BSViT: A Burst Spiking Vision Transformer for Expressive and Efficient Visual Representation Learning

arXiv cs.CV / 4/28/2026

📰 NewsIdeas & Deep AnalysisModels & Research

Key Points

  • The paper introduces BSViT, a Burst Spiking Vision Transformer designed to improve energy-efficient visual representation learning within spiking vision transformer frameworks.
  • It addresses key limitations of prior S-ViTs by using DBSSA, which increases information capacity via binary spikes for queries and burst spikes for keys.
  • BSViT uses a dual excitatory/inhibitory value pathway for signed modulation, aiming for richer and more expressive spike interactions.
  • The approach keeps attention computation addition-only, making it more compatible with energy-efficient neuromorphic hardware.
  • A patch adjacency masking strategy further adds spatial priors by restricting attention to local neighborhoods, reducing spike activity and computational overhead while boosting performance on static and event-based benchmarks.

Abstract

Spiking Vision Transformers (S-ViTs) offer a promising framework for energy-efficient visual learning.

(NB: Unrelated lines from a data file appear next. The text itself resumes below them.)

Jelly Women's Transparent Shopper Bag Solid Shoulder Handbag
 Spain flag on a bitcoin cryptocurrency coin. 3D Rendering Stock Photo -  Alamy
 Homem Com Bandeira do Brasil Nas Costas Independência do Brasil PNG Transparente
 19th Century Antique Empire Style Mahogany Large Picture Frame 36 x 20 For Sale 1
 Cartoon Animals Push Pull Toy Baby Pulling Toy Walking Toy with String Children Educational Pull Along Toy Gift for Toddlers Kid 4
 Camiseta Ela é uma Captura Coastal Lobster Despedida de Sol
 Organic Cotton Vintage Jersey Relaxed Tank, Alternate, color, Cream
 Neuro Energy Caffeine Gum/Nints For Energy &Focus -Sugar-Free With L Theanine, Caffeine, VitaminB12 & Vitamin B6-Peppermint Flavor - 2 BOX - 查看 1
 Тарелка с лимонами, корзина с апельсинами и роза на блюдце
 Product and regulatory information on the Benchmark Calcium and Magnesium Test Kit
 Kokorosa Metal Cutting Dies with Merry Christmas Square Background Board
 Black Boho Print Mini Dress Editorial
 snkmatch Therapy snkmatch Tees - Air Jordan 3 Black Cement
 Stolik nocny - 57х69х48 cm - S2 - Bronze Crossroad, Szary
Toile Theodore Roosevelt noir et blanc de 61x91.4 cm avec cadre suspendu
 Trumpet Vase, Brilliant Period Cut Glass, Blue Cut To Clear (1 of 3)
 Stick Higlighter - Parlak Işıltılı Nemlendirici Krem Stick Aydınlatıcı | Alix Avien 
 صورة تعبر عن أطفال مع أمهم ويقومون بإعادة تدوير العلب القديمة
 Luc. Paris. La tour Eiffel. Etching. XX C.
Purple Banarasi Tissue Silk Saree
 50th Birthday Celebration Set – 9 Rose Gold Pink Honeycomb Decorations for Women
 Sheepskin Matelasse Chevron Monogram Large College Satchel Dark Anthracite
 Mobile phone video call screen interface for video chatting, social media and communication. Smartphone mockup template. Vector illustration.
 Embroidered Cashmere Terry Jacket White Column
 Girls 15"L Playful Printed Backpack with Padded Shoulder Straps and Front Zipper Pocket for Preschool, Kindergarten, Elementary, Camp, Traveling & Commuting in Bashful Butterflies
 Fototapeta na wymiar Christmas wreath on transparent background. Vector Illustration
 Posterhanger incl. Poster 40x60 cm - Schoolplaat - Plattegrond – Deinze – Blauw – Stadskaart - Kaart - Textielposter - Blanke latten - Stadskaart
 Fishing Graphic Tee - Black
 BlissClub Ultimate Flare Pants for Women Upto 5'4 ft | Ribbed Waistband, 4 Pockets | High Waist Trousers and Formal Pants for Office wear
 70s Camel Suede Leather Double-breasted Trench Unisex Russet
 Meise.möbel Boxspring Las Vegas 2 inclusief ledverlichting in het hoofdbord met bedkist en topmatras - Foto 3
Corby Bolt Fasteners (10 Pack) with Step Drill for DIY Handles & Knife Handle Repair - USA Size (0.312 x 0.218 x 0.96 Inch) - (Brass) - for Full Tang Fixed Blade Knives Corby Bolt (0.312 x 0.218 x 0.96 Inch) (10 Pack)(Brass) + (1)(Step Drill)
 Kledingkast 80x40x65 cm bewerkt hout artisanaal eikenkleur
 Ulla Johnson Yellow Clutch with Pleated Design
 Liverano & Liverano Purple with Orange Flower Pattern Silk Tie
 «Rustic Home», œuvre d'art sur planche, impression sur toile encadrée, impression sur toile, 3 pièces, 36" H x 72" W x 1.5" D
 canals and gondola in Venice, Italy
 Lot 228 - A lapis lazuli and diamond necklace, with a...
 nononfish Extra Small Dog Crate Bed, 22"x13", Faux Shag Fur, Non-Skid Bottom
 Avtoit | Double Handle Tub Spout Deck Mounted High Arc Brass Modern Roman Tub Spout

However, existing designs remain limited by two fundamental issues: the restricted information capacity of binary spike coding and the dense token interactions introduced by global self-attention. To address these challenges, this work proposes BSViT, a burst spiking-driven Vision Transformer featuring a Dual-Channel Burst Spiking Self-Attention (DBSSA) mechanism. DBSSA encodes queries with binary spikes and keys with burst spikes to enhance representational capacity. The value pathway adopts dual excitatory and inhibitory binary channels, enabling signed modulation and richer spike interactions. Importantly, the entire attention operation preserves addition-only computation, ensuring compatibility with energy-efficient neuromorphic hardware. To further reduce spike activity and incorporate spatial priors, a patch adjacency masking strategy is introduced to restrict attention to local neighborhoods, resulting in structure-aware sparsity and reduced computational overhead. In addition, burst spike coding is systematically integrated across the network to increase spike-level representational capacity beyond conventional binary spiking. Extensive experiments on both static and event-based vision benchmarks demonstrate that BSViT consistently outperforms existing spiking Transformers in accuracy while maintaining competitive energy efficiency.